READ: Yulin Dog Sellers Openly Taunt Dog Lovers: “Buy the Dog or it Dies!”
However, this difference of perspective continues with Yulin residents disagreeing among themselves on how the dog eating festival is working out for the city, reports Guangming Network.
Even though some dog sellers have been reported making a lucrative profit from the sale of dogs, others are complaining that the animal activists are disrupting their sales. At a remote location used for the slaughtering of dogs, one farmer complains about the interference from outsiders:
No one was able to sell them, and the dogs have all been brought back here. all that we can sell now is maybe ten to twenty dogs. Can’t sell any, you see, and I’m not willing to say because this is a farmer’s market, run by farmers. Between you and me, it’s not entirely legal.
At the Dongkou Market where the sale of dogs fetches a price of about RMB 34-36 per kilogram, a butcher also complains about the lack of business:
The dog eating festival is a busy season, but after two or three days, the business will die down. (However,) sales are down 80% from last year.
Be that as it may, a big difference of opinion lies between the people that sell dog meat in Yulin and the ones that prepare it for customers to eat.
RELATED: Doctors In Yulin Told To Stay Away From Dog Eating Festival
Over on Jiangbin Road where many restaurants serve dog, many customers are seen dining on canine. Even though there have been many regulations passed that forbid the character “dog” from being displayed on restaurant signs and menus, and forbid restaurants from slaughtering dogs or displaying cooked dogs in public places, this appears to have no effect upon local restaurants.

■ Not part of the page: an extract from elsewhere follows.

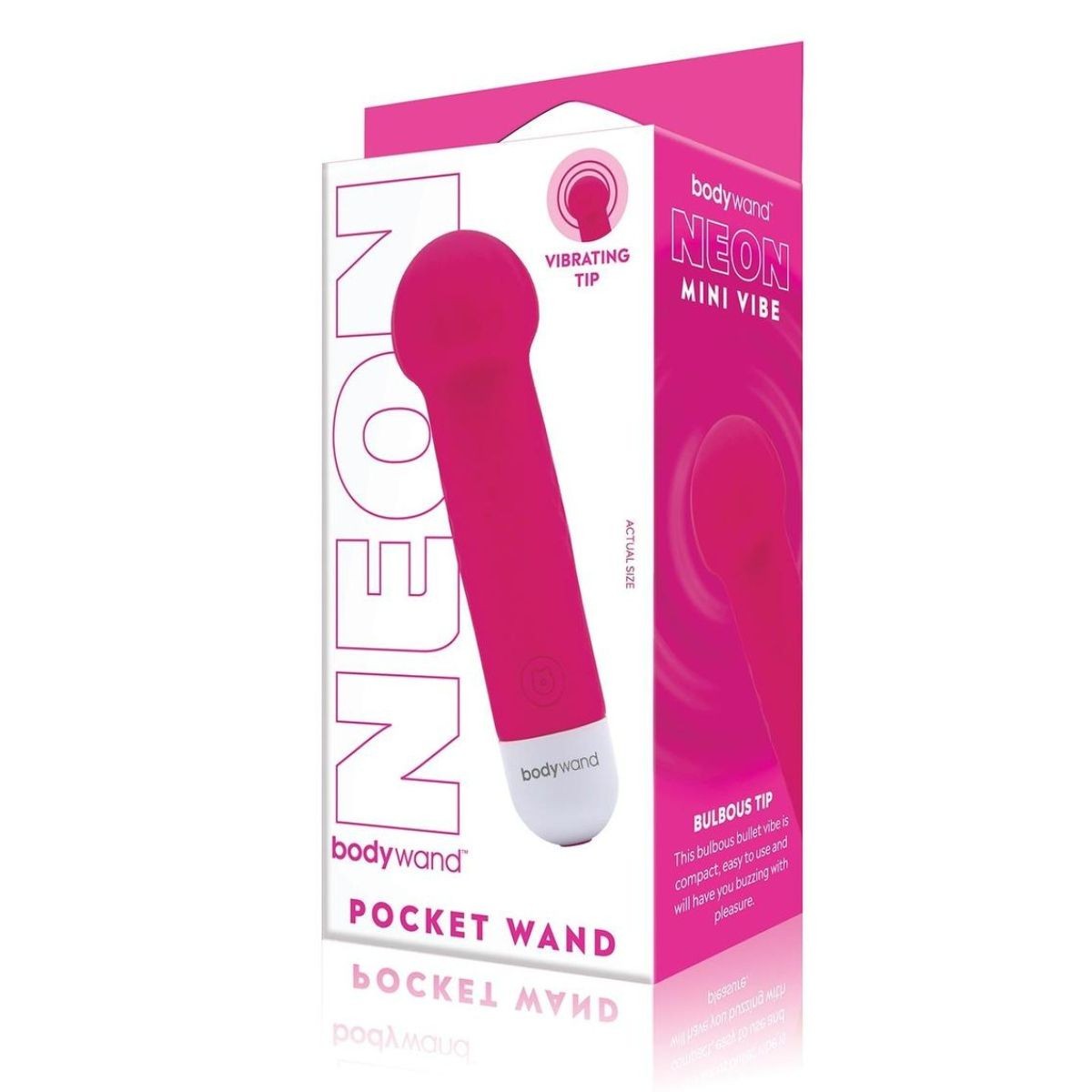 Pink pocket wand with packaging on a white background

One restaurant manager explained why:
People who eat dog meat all know (my store). I’ve been selling dog meat for 30 years now, and the people of Yulin all love to eat dog meat.
In fact, the restaurant manager suggests that protests against the dog eating festival will in fact encourage more people to eat dog meat:
They (the animal rights activists) came here last year, and now business is doing better than ever. They (animal rights activists) are here again, and now we can’t even handle all the business we’re getting; we can’t even keep up with the orders of dog meat we’re getting.
The restaurant manager goes on to say that there is a solution for people who want to eat dog, but don’t want any of the controversy that goes along with it:
Everyday we get people coming here to order takeaway.